Start of DATA SEGMENT
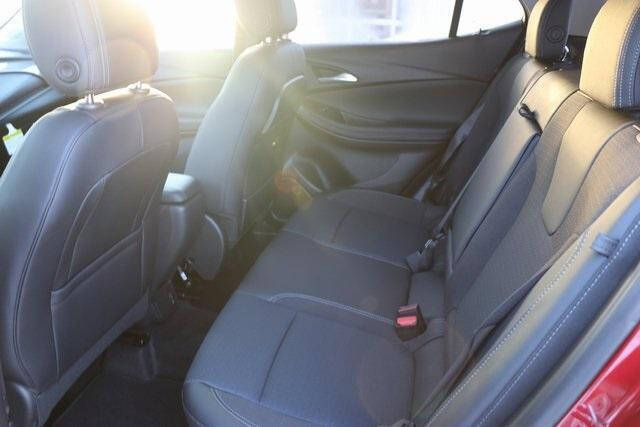 2021 Buick Encore GX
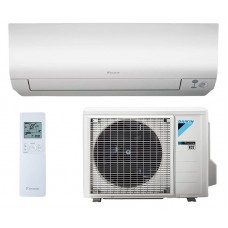 Инверторный кондиционер с зимним комплектом Daikin FTXM42N/RXM42N9/-30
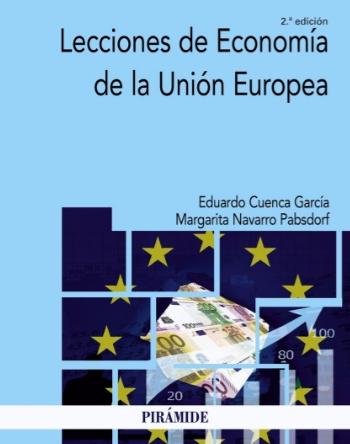 Lecciones de Economía de la Unión Europea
End of DATA SEGMENT
Omit any images, then output the listing exactly.

 2021 Buick Encore GX
 Инверторный кондиционер с зимним комплектом Daikin FTXM42N/RXM42N9/-30
 Lecciones de Economía de la Unión Europea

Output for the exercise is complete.